Our lab previously generated recombinant chromosomes containing the mtrm allele and the P{matα-Gal4} driver on the same chromosome and used a P{UAS-GFP.nls} reporter (B-101) to verify the presence of the matα-Gal4 driver in each recombinant line. Interestingly, different recombinant chromosomes resulted in different levels of Gal4 activity. For most experiments, we use a mtrmP{matα-Gal4} chromosome that results in robust UAS-dependent expression (W-076, (Perkins et al. 2016)). However, to achieve only a modest overexpression of SOD in the current study, we utilized a chromosome for which UAS-inducible expression is much weaker (W-073, or BY derivative W-107). To present a visual comparison of the relative strengths of the two mtrmP{matα-Gal4} driver chromosomes, we crossed W-076 or W-107 virgins to males that contain the P{UAS-GFP.nls} reporter (B-101). Ovaries from mtrmP{matα-Gal4}/P{UAS-GFP.nls} females were dissected in 1× PBS and fixed for 5 min at room temperature in 1× PBS containing 4% formaldehyde. Ovarioles were separated using a tungsten needle and mounted on poly-L-lysine-coated coverslips in Slow-Fade Diamond mounting media (ThermoFisher, S36967).

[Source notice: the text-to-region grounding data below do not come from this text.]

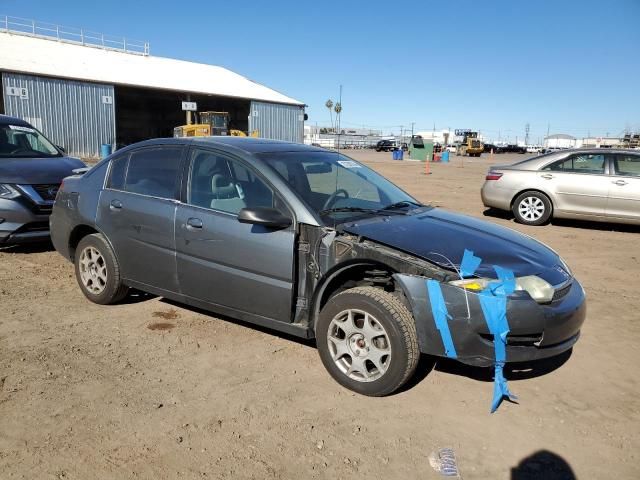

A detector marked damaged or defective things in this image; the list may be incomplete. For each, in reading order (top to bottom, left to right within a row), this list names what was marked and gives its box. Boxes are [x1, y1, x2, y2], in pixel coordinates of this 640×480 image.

damaged black sedan [52, 138, 588, 398] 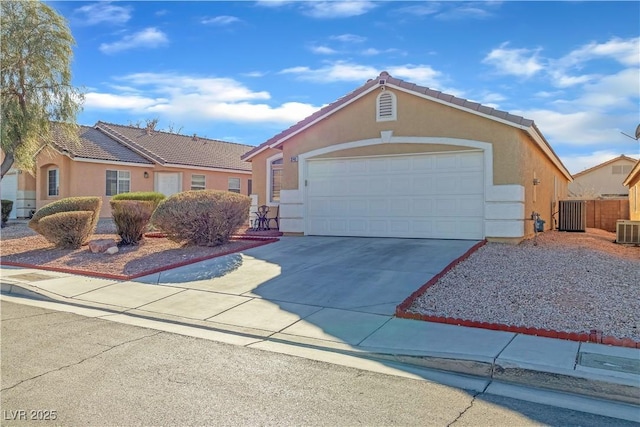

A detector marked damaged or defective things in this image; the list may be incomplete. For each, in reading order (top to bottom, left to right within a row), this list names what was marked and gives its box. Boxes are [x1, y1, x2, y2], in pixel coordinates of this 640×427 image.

driveway crack [1, 330, 162, 392] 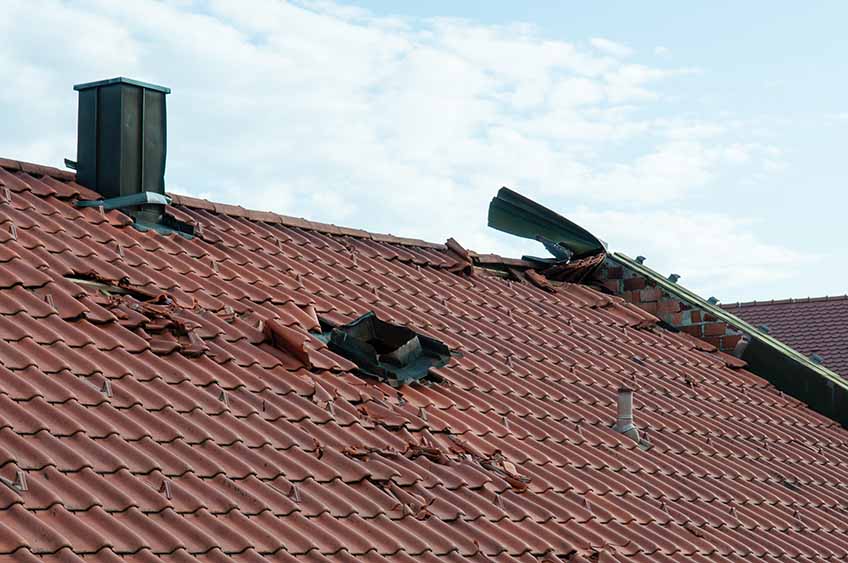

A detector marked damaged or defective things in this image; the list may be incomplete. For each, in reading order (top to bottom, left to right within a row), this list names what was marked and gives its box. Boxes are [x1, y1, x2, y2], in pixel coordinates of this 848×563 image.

damaged roof [1, 155, 848, 563]
damaged roof [720, 296, 848, 378] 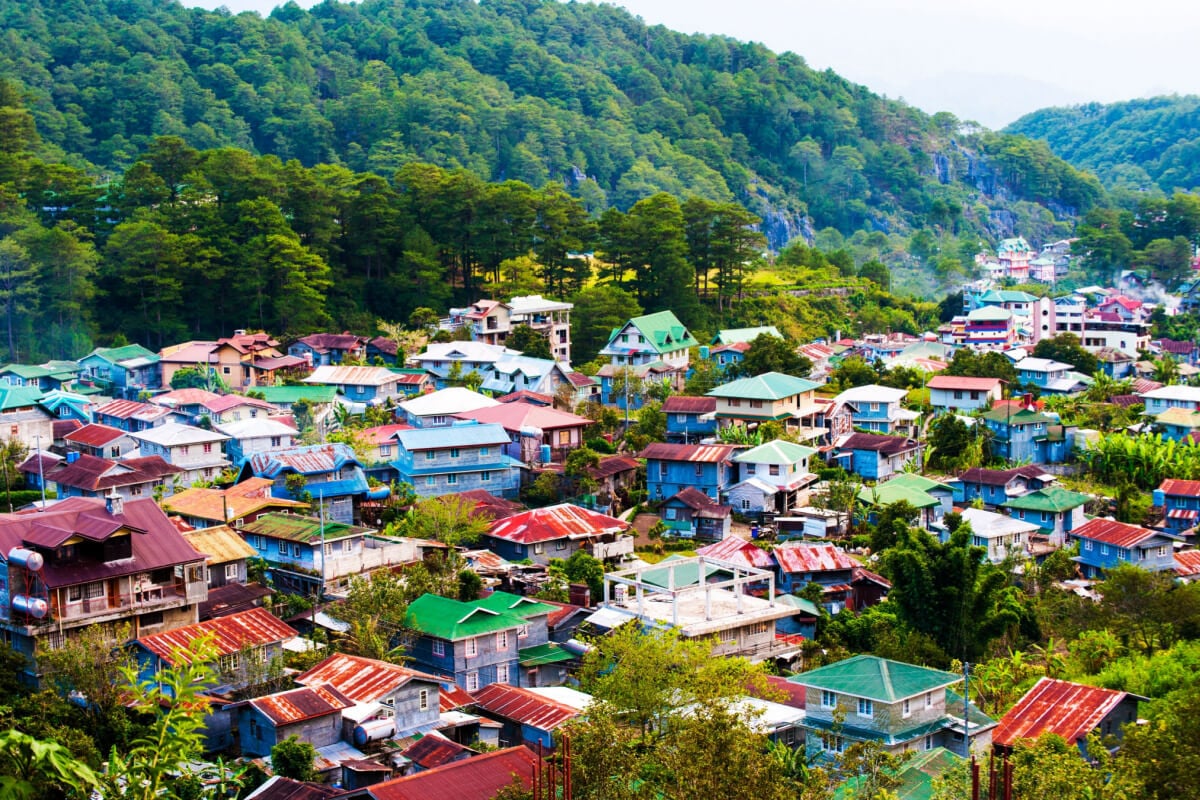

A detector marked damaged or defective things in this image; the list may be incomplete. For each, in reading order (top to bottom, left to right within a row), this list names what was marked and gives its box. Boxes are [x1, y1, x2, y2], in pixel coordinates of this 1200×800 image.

rusted metal roof [65, 422, 128, 446]
rusted metal roof [636, 444, 740, 462]
rusted metal roof [1160, 478, 1200, 496]
rusted metal roof [0, 496, 202, 592]
rusted metal roof [482, 504, 628, 548]
rusted metal roof [700, 536, 772, 568]
rusted metal roof [768, 544, 864, 576]
rusted metal roof [1072, 520, 1160, 552]
rusted metal roof [137, 608, 298, 664]
rusted metal roof [296, 652, 446, 704]
rusted metal roof [247, 680, 352, 724]
rusted metal roof [472, 680, 580, 732]
rusted metal roof [992, 676, 1136, 752]
rusted metal roof [366, 748, 536, 800]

We omitted a DNA counterstaining step so that the bleed-through signal of Hoechst was not an issue when viewing a weak GFP nuclear signal. Ovarioles were imaged using a 0.5NA 20X Plan Fluor objective on a Zeiss Axioimager M1 microscope with a Hamamatsu Orca-R2 camera controlled by Volocity 6.3 acquisition software (Quorum Technologies). Image acquisition and processing were identical for the two genotypes.

Staining and quantification of SOD expression in Drosophila ovarioles

For cytological experiments, the p{EMPTY} and p{SOD1} genotypes shown in Fig. 1 were generated by crossing P{UASP-EMPTY}; smc1Δ/TM3, Ser (I-550), or p{UASP-SOD1}; smc1Δ/TM3, Ser (I-523) males to mtrm P{matα-GAL4}/TM3, Sb (W-107) virgins. W-107 contains the same mtrm P{matα-GAL4} recombinant chromosome as the W-073 stock used for the NDJ experiments. Ovaries were dissected in Grace’s medium (ThermoFisher, 11595030) and fixed for 5 min in a solution containing one part 16% EM grade formaldehyde (Ted Pella, 18505) and two parts Grace’s medium. After rinsing three times in PBS-TX (1× PBS, 0.2% Triton X-100 [ThermoFisher, Surfact-Amps 28,314]) ovaries were permeabilized with two 15-min incubations in 1× PBS containing 0.5% Triton X-100. These and all subsequent incubations were performed with gentle rotation in a deep well dissection dish at room temperature. Following a 1-hour block treatment in 1× PBS-TX containing 0.5% BSA and 5% Normal Donkey serum, ovaries were incubated overnight in PBS-TX containing 0.5% BSA and a 1:500 dilution of Rabbit anti-Sod1 antibody (Abcam, 13498). Ovaries were rinsed three times in 1× PBS-TX and subjected to three 20-min washes in 1× PBS-TX before a 1-hour incubation with Cy3-conjugated Donkey anti-Rabbit antibody (Jackson ImmunoResearch, 711-165-152) diluted 1:400 in 1× PBS-TX containing 0.5% BSA. Following three rinses and three 20-min washes in 1× PBS-TX, ovaries were stained with 1 μg/ml DAPI in 1× PBS for 20 min and washed in 1× PBS containing 0.01% Triton X-100 for 20 min. Ovarioles were separated using a tungsten needle and mounted on poly-L-lysine (Sigma, P8920) coated coverslips in Prolong Diamond (ThermoFisher, P36961).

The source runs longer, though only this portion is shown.